Compare him to the recently deceased Charlie Watts now. His drumming was the opposite of Moon’s. In fact, he was lauded because he stayed so well “in the pocket,” which is another term for playing with the beat. Neither Ronnie Wood nor Keith Richards set the world on fire with their instrumentation either where they could be compared to peers of theirs like Jack Bruce or Jimi Hendrix, respectively. In fact, Richards is probably more known as one of the first rock ‘n roll memes for how many times he should have died by now but how he will probably be around at the end of civilization with the cockroaches. For the Rolling Stones, the whole is far greater than the sum of the parts.
But that doesn’t necessarily mean the Stones’ popularity was undeserved. Music is not mathematics. There’s no formula for making something that will resonate enough to get someone to listen. It’s hard to write a good song and even harder to write a catchy one. No, the Rolling Stones weren’t virtuosos, nor did they stray too far away from their wheelhouse. They did, however, write a buttload of songs that people cherish, that connect with the hearts and souls of listeners across countries, across decades, across political cognitive dissonance. That means something.
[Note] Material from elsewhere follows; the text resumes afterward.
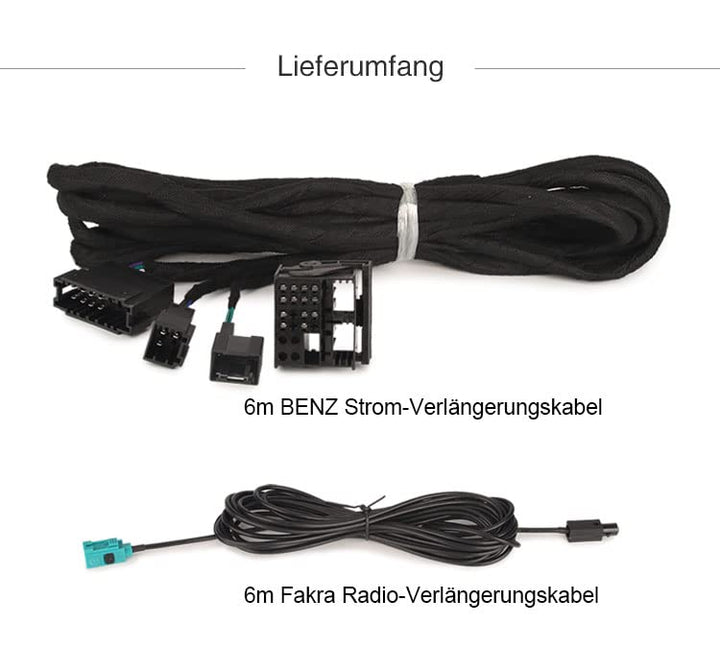 Erisin BZ6M Verlängerungskabel für Mercedes Benz W211 W463 W219 W215 W220 E/G/CL/CLS/S Klasse Autora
What it all boils down to is that the argument really has no winners unless you’re in an echo chamber. I love prog rock and heavy metal, two of the most cerebral, technical subgenres within rock music, but one would be foolish to discount the kinds of music that can have a mass hold on large numbers of people. To do that with a sound that is culturally relevant and artistically viable is an accomplishment all on its own. I’m not going to bash what is called “pop” music today, but the Stones did write their own music after the same cover band gestational period that rock had mired itself in at the beginning of its existence. If you deny that, go back and check to see how many white artists wrote a majority of their own songs, even before the Beatles. They sang standards. They covered old bluesmen or Chuck Berry or Little Richard. The true test was when they would start to branch out. The Stones did that and didn’t lose their fastball. They weren’t writing songs handed to them by corporate writers. If you enjoy that, more power to you, but you have to recognize sourcing and origins, no matter how much you like Britney Spears’ voice2.
The Rolling Stones really don’t deserve this. To his credit, Jagger is taking it all in stride it seems. Still, sometimes, the art one creates isn’t going to be dense and technical. Sometimes, the best instrumentalists aren’t going to break through. It still doesn’t lessen the impact of the music you like, whether it’s simplistic like that of the Stones or even the bubblegum pop of modern years or if it’s created in the minds of utter madmen like Daltrey’s bandmate or anyone in the Beatles. Anything else is just musicians beefing, and God willing, you hope they don’t take it too far like Death Row Records and Bad Boy Records did in the late ‘90s.
Before arguing with me that they didn’t, Ozzy Osbourne’s favorite band in 1970 was the Beatles. They influenced Black Sabbath. That’s just a fact.
Regardless of who wrote Spears’ or Christina Aguilera’s or NSync’s songs, at least those writers get credit. I hate to pick on Led Zeppelin because I like their music so much, but I’m not sure they really ever paid a debt commensurate to how they brazenly tried to pass off older Black musicians’ songs as their own.